Task description —
Print exactly, and only, the lines from the one that has "Michael Faherty - The Poetry of W.B. Yeats" through the end of the material below, with both ends included and the pictures omitted.

Data block —

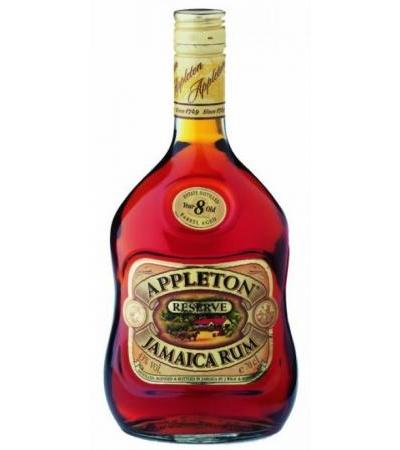 Appleton Reserve 8 Years old 0,7 Liter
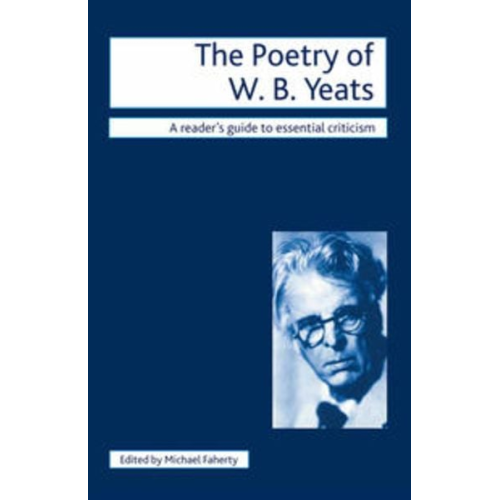 Michael Faherty - The Poetry of W.B. Yeats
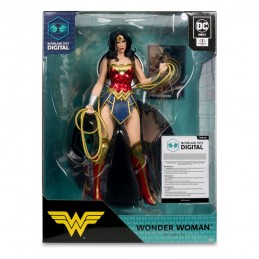 DC DIRECT WONDER WOMAN BY JIM LEE STATUA 30CM FIGURE MC FARLANE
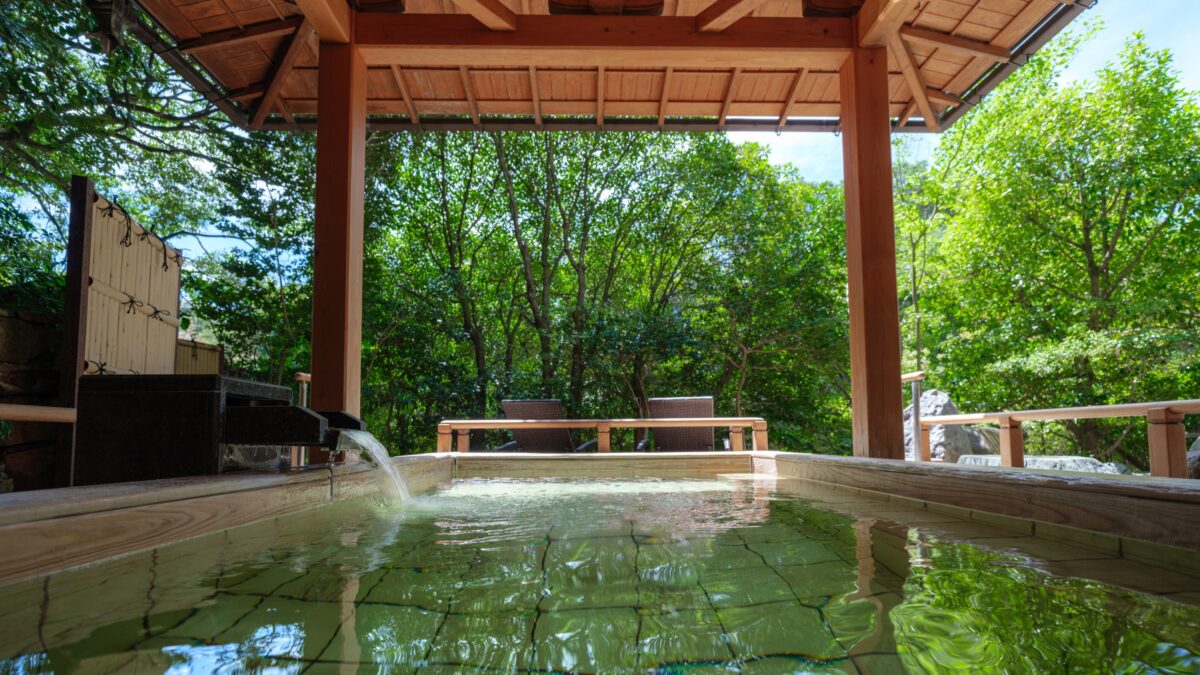 山口県 長門湯本温泉 大谷山荘 photo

Task output —
 Michael Faherty - The Poetry of W.B. Yeats
 DC DIRECT WONDER WOMAN BY JIM LEE STATUA 30CM FIGURE MC FARLANE
 山口県 長門湯本温泉 大谷山荘 photo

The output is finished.